Although I didn't wrote a new great programming language, I had a little experience with C lexers/parsers especialy with lex/yacc|flex/bison , a LALR parser. Now I'm programming in Java, I've been looking for the parsers available for this language: the most popular tools seems to be the top-down parsers javacc and antlr. In this post I show how I wrote a simple javacc parser reading a JSON entry (this is just an exercice, it is also easy to write this kind of parser using java.io.StreamTokenizer or java.util.Scanner).
First of all I found that the documentation was very limited and unlike Bison, I had the feeling that the javacc tutorial was a kind of "Look a the examples, isn't it cool ?"? I just writing my notebook here, so on my side I won't explain how I think I've understand how javacc works :-).
OK now, let's go back, to our JSON grammar and to the content of the javacc file.
The file is called JSONHandler.jj, it contains a java class JSONHandler with a main
calling a method object
after reading the input from stdin.
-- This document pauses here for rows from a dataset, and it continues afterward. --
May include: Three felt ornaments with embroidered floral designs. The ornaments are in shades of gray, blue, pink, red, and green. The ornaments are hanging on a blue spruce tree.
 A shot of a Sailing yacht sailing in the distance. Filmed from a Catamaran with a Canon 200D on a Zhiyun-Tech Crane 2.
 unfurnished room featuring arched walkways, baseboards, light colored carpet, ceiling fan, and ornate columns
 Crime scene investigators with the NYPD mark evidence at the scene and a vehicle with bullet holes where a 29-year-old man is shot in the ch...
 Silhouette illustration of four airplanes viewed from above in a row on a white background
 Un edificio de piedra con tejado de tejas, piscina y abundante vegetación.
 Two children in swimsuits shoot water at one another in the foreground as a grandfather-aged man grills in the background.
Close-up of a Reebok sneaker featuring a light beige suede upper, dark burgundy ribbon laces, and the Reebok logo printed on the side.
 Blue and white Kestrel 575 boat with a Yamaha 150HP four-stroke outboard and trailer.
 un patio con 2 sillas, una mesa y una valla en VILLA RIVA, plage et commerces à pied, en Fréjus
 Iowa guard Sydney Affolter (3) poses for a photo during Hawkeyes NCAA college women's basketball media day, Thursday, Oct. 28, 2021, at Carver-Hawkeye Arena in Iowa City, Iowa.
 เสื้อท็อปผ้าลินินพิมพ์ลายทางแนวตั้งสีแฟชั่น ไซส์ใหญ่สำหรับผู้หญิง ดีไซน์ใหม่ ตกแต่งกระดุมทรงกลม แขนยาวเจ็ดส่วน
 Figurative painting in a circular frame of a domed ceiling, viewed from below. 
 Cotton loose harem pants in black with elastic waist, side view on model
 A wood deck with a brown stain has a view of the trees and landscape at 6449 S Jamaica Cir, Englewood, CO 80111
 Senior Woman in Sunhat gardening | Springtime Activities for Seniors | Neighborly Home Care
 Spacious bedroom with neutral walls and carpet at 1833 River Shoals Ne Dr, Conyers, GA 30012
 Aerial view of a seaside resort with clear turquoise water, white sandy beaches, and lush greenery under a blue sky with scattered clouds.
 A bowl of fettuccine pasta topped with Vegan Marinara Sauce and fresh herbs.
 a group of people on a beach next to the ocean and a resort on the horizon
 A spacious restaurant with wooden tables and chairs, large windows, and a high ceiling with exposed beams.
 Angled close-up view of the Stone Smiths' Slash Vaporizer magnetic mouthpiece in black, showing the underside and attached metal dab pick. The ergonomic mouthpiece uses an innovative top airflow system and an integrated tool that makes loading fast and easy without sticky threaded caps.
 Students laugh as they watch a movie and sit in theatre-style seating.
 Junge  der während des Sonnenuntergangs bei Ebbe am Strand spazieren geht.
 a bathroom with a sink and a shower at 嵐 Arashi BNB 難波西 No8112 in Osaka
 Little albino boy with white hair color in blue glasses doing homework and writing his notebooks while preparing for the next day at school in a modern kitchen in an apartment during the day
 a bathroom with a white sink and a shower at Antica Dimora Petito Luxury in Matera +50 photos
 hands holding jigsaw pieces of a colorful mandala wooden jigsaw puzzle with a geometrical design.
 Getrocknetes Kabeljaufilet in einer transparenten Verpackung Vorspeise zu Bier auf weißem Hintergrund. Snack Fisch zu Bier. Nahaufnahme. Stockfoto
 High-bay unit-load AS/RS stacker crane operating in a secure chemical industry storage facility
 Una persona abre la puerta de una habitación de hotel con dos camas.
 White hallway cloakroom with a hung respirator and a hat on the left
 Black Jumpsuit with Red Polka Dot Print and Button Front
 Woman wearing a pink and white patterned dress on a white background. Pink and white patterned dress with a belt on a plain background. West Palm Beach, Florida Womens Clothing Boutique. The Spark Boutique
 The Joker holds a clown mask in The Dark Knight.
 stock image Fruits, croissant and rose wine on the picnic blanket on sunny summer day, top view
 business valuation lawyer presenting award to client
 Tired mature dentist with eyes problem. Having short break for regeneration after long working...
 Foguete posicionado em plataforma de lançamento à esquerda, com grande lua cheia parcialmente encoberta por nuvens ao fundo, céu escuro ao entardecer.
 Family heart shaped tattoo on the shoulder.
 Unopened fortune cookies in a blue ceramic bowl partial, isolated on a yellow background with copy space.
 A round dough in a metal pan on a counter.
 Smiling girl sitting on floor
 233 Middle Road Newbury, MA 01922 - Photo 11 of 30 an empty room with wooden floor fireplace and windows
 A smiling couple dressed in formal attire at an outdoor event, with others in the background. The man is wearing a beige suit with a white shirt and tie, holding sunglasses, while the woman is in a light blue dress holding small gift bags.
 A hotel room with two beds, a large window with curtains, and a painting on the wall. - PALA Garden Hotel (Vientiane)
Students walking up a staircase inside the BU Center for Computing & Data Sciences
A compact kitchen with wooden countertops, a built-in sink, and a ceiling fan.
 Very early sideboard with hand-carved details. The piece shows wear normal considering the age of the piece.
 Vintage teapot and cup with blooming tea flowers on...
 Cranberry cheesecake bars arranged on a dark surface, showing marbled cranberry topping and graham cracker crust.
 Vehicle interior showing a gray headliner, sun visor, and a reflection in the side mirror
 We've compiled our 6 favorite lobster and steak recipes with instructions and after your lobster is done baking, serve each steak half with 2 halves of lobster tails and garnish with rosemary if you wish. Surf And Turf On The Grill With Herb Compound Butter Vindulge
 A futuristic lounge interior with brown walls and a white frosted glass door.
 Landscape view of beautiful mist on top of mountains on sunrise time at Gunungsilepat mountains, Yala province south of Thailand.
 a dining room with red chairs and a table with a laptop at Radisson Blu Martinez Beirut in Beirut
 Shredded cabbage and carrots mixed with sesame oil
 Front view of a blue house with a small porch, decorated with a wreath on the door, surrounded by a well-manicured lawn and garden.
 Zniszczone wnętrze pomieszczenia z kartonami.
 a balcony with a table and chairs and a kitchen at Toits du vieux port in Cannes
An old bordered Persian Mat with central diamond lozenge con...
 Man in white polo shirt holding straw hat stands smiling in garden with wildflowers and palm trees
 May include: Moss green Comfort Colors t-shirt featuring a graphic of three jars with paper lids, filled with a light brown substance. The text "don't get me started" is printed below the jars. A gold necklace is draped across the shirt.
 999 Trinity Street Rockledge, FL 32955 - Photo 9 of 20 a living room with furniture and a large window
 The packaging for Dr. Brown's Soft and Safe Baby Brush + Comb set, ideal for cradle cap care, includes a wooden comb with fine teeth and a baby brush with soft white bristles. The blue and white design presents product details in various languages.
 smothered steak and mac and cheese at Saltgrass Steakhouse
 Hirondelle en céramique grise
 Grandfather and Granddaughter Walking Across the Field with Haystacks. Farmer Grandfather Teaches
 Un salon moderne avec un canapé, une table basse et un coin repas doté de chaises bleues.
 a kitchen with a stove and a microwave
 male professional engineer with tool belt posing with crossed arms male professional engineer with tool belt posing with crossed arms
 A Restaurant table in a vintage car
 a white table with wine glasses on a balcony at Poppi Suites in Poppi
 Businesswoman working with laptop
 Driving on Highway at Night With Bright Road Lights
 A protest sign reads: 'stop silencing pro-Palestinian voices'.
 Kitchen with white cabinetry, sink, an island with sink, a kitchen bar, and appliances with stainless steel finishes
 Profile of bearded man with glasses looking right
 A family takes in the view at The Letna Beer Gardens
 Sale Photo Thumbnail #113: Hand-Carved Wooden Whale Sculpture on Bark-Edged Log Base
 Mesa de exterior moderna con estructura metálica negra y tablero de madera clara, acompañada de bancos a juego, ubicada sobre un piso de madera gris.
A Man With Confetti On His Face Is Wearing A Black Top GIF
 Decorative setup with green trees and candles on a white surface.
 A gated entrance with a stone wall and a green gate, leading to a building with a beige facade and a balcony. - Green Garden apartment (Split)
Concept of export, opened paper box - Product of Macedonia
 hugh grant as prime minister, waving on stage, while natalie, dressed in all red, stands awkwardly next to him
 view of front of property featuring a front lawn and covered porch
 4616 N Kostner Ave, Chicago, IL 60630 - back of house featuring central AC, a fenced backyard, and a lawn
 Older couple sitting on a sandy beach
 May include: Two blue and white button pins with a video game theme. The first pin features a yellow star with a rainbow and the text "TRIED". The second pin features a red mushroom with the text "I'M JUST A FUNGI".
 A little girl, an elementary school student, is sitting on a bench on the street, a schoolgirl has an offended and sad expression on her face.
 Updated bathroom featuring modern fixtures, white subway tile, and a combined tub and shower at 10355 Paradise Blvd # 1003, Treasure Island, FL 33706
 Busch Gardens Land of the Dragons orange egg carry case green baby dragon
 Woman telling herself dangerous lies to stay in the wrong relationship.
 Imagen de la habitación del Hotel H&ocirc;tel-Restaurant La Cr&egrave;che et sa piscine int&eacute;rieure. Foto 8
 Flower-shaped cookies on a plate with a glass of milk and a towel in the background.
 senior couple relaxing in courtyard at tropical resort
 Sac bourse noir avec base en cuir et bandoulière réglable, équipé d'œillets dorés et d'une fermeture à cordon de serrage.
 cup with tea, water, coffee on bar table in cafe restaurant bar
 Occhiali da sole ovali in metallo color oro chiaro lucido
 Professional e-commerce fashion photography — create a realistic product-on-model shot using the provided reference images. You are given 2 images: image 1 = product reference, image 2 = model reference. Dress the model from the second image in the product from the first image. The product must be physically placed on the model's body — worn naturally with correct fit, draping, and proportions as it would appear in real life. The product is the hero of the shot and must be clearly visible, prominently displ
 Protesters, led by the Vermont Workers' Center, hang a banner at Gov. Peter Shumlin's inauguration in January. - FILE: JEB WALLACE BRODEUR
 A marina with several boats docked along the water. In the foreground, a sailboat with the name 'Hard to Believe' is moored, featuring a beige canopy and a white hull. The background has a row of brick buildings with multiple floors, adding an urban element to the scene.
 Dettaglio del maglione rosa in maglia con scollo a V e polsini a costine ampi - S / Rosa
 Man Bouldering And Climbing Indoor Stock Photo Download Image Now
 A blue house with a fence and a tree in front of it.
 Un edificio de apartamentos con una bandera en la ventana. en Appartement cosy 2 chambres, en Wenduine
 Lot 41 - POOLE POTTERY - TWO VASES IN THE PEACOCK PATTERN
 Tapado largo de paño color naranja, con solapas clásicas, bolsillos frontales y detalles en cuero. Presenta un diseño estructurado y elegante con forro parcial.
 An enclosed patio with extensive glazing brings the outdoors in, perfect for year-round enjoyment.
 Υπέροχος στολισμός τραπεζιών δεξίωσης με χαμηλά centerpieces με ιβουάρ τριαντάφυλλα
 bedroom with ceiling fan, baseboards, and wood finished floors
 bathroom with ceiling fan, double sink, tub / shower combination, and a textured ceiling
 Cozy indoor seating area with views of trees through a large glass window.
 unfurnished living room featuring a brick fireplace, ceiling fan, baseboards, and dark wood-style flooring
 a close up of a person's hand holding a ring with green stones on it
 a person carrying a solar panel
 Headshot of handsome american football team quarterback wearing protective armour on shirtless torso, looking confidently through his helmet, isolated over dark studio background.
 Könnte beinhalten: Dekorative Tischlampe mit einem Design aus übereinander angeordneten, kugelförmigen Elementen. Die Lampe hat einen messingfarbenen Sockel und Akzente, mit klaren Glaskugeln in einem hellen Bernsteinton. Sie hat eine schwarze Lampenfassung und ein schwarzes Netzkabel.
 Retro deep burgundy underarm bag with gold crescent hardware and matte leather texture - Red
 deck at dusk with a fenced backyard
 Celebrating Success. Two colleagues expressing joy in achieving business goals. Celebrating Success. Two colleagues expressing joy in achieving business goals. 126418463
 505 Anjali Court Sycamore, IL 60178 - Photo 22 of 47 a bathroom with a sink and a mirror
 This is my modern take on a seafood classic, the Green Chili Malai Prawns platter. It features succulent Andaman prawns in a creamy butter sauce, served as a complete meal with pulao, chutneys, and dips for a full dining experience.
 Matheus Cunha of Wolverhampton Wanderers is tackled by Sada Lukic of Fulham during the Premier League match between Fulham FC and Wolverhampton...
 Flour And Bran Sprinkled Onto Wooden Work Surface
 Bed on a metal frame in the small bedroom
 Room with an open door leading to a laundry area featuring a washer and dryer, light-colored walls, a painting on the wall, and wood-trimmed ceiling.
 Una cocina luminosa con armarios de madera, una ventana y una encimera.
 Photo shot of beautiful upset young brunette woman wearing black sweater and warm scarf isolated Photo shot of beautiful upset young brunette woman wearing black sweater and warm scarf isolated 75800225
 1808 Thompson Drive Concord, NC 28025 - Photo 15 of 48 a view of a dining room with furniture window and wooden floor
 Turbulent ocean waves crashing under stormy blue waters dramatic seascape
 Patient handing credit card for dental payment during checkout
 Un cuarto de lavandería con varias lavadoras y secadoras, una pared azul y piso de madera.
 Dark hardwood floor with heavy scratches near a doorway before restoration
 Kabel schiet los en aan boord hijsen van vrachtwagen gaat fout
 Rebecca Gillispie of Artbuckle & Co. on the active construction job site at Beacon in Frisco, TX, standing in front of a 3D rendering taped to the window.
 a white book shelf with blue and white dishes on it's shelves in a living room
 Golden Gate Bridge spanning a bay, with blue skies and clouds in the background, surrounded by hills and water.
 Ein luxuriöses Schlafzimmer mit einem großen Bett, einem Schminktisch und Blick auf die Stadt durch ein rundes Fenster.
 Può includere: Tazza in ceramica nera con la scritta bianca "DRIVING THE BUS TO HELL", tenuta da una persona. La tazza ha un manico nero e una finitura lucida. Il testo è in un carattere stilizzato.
This method will parse the json stream , transform it into a java object and echo it on stderr. The class is delimited by the keywords PARSER_BEGIN and PARSER_END
PARSER_BEGIN(JSONHandler)
public class JSONHandler {
public static void main(String args[])
{
try
{
JSONHandler parser = new JSONHandler(System.in);
Object o=parser.object();
System.err.println("JAVA OBJECT: "+o);
} catch(Exception err)
{
err.printStackTrace();
}
}
}
PARSER_END(JSONHandler)
Next we declare that the blank characters will be ignored:
SKIP :
{
" "
| "\t"
| "\n"
| "\r"
}
We then declare the lexical tokens (numbers, string, quoted strings) using a BNF grammar. As an example, here, a
SIMPLE_QUOTE_LITERAL
starts and ends with "\'" , it contains an unlimited number of ("escaped C special characters" or "normal characters").
TOKEN : /* LITERALS */
{
<#LETTER: ["_","a"-"z","A"-"Z"] >
| <#DIGIT: ["0"-"9"] >
| <#SIGN: ["-","+"]>
| <#EXPONENT: ("E"|"e") (<SIGN>)? (<DIGIT>)+
>
| <FLOATING_NUMBER: (<DIGIT>)* "." (<DIGIT>)* (<EXPO
NENT>)?
| (<DIGIT>)+ (<EXPONENT>) >
| <INT_NUMBER: (<DIGIT>)+ >
| <IDENTIFIER: <LETTER> (<LETTER>|<DIGIT>|<->)* >
| <#ESCAPE_CHAR: "\\" ["n","t","b","r","f","\\","'","\""]
>
| <SIMPLE_QUOTE_LITERAL:
"\'"
( (~["\'","\\","\n","\r"])
| <ESCAPE_CHAR>
)*
"\'"
>
|
<DOUBLE_QUOTE_LITERAL:
"\""
( (~["\"","\\","\n","\r"])
| <ESCAPE_CHAR>
)*
"\""
>
}
As we saw, the parser starts is job by invoking the
object method. We expect here a JSON array or a JSON object or another identifier (null ||false||true||string). Those choices store their results in the variable
o
. This method returns a
java.lang.Object
.
public Object object():
{Object o;}
{
(
o=array()
| o= map()
| o= identifier()
)
{return o;}
}
JSON arrays will be returned as
java.util.Vector<Object>. A JSON array is identified as starting by "[" and ending with "]", it contains zero or more JSON
objects separated with a comma. Each time an element of this array is found, it is added in the vector. at the end, the vector is returned as the value of this array.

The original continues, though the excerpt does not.